__What this task involves__
Below are the records. Retype exactly the lines between the lines holding "Happy boy and" and "Op de afbeelding: Een", inclusive.

__Web page caption snippets__
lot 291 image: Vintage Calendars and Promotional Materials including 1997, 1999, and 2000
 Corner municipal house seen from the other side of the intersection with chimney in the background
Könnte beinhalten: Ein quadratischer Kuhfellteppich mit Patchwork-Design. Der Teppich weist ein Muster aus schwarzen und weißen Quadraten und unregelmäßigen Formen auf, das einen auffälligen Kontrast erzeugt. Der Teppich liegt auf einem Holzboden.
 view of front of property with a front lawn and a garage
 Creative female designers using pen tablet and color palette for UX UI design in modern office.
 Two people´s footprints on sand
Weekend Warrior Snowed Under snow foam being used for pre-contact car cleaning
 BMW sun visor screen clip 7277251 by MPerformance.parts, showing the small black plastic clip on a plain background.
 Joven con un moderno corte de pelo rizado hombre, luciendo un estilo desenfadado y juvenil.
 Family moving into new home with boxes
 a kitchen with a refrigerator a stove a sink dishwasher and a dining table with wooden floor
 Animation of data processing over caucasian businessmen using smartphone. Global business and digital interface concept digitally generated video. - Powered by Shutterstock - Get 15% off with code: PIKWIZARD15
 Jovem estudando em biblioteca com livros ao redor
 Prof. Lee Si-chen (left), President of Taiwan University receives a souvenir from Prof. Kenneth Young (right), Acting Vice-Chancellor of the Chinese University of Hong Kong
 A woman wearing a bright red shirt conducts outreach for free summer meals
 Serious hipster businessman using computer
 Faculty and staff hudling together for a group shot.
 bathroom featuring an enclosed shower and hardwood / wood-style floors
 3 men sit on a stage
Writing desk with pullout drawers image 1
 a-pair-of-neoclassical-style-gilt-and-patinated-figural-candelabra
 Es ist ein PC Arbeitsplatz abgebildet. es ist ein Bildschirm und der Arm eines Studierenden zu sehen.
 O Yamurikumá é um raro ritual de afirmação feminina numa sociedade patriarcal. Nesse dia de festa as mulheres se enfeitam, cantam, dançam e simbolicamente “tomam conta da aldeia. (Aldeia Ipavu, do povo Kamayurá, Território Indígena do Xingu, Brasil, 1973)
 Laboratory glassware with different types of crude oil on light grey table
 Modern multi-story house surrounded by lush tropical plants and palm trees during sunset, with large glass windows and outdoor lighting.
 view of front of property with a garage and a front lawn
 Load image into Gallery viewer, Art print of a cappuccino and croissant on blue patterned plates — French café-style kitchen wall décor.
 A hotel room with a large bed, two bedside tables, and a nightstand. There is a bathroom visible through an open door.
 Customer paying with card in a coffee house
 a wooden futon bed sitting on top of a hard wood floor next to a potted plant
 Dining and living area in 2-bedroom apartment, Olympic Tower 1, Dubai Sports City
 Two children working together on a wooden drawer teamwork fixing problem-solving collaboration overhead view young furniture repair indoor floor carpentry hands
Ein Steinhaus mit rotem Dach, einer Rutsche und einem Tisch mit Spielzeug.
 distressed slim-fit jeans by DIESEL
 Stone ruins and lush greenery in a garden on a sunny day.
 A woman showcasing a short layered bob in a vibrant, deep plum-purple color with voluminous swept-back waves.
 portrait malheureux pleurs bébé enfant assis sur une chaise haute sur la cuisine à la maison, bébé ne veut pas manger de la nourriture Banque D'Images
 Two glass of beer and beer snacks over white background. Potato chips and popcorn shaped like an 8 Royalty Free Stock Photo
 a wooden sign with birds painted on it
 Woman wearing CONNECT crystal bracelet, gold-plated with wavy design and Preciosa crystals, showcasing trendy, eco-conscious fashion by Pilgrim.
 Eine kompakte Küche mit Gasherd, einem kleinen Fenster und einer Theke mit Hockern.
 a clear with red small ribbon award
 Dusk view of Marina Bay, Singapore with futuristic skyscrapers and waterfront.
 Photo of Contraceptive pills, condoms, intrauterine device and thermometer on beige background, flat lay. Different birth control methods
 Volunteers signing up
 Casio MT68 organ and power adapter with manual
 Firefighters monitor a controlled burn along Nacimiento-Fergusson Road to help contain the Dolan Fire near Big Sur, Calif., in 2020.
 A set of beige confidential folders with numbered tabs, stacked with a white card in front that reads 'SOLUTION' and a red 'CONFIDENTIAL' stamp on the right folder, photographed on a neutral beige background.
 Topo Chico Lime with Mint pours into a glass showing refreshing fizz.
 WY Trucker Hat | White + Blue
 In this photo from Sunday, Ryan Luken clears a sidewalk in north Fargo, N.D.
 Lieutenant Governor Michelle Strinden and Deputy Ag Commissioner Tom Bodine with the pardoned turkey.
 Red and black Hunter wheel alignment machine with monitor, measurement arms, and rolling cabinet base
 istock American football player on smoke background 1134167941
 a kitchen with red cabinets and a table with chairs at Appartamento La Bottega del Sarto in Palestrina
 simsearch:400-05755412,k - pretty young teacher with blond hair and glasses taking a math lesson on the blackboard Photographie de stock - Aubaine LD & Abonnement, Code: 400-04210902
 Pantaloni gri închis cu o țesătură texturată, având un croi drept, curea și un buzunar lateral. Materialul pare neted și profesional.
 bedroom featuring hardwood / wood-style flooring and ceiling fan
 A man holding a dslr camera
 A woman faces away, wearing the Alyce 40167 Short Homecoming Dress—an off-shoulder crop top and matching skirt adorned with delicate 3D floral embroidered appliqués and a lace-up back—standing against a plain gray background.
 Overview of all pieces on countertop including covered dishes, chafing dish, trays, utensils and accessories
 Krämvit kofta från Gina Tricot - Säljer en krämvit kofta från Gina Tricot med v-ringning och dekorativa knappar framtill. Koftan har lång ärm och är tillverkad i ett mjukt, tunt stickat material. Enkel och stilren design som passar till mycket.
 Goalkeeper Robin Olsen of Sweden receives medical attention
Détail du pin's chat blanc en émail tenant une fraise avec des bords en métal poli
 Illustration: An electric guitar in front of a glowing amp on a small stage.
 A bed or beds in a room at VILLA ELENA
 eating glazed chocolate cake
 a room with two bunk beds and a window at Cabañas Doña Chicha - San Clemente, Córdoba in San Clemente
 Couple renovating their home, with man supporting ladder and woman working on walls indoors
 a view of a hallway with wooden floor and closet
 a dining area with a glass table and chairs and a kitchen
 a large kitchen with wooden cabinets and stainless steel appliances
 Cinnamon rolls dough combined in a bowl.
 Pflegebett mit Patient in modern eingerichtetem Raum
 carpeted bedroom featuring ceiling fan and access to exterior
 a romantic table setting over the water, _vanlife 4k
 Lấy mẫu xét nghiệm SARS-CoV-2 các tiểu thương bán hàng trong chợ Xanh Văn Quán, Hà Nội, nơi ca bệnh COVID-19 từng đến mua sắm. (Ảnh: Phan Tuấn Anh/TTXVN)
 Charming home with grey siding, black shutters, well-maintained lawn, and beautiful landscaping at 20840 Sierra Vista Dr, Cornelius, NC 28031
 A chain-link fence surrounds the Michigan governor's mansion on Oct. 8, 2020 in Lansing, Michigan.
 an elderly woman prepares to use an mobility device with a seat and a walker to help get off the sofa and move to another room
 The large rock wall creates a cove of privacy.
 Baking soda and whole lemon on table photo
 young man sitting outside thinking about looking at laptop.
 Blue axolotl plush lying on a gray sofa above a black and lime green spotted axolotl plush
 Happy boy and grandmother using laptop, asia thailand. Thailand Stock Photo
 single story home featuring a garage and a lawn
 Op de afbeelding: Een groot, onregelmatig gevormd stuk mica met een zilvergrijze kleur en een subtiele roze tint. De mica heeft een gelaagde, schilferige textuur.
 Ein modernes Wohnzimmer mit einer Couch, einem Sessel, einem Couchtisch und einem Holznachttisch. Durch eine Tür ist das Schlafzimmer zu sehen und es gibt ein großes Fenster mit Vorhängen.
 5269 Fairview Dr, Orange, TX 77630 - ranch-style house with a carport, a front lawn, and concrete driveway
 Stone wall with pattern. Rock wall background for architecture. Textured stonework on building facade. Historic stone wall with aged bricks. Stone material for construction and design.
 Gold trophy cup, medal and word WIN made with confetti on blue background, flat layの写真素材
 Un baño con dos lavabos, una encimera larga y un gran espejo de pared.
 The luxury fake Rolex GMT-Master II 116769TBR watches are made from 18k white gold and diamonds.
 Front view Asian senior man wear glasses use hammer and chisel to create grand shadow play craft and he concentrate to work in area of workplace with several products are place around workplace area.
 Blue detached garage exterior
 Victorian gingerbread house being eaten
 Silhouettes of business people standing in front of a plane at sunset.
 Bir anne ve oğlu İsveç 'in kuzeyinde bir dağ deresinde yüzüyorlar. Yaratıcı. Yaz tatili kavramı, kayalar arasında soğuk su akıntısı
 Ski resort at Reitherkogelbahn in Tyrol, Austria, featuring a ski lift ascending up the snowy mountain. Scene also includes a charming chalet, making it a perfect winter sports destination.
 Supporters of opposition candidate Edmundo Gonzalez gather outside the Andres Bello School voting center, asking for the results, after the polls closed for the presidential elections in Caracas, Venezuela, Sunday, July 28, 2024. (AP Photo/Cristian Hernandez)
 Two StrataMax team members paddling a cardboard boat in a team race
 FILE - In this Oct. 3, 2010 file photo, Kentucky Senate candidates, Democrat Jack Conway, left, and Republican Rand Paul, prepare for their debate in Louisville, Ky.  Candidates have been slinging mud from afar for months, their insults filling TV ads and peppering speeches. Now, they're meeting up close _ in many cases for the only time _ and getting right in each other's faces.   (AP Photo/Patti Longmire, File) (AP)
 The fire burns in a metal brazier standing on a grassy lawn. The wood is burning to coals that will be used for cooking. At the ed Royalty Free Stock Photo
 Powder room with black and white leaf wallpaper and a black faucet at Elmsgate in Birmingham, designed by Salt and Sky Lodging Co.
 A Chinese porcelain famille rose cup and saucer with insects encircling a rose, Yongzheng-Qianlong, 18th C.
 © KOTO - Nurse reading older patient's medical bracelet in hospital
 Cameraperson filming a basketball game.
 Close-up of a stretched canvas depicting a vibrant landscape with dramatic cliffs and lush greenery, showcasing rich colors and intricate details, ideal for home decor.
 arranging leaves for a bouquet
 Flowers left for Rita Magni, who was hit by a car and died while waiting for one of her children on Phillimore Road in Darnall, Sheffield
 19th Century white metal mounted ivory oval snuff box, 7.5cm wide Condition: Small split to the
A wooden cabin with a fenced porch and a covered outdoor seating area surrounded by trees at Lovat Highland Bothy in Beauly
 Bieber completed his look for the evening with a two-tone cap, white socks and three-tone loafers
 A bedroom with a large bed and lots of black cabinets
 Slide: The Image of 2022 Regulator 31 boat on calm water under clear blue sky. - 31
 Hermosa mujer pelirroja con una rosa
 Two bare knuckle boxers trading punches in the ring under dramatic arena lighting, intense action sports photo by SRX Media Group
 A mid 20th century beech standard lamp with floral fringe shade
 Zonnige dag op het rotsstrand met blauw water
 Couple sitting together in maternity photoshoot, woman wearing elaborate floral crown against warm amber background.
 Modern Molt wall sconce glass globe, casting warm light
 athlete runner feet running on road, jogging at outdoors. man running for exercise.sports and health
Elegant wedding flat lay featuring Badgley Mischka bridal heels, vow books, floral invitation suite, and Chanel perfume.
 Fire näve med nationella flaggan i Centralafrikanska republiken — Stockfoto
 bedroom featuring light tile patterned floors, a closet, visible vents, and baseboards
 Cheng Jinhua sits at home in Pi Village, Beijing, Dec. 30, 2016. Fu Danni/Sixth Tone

__Task response__
 Happy boy and grandmother using laptop, asia thailand. Thailand Stock Photo
 single story home featuring a garage and a lawn
 Op de afbeelding: Een groot, onregelmatig gevormd stuk mica met een zilvergrijze kleur en een subtiele roze tint. De mica heeft een gelaagde, schilferige textuur.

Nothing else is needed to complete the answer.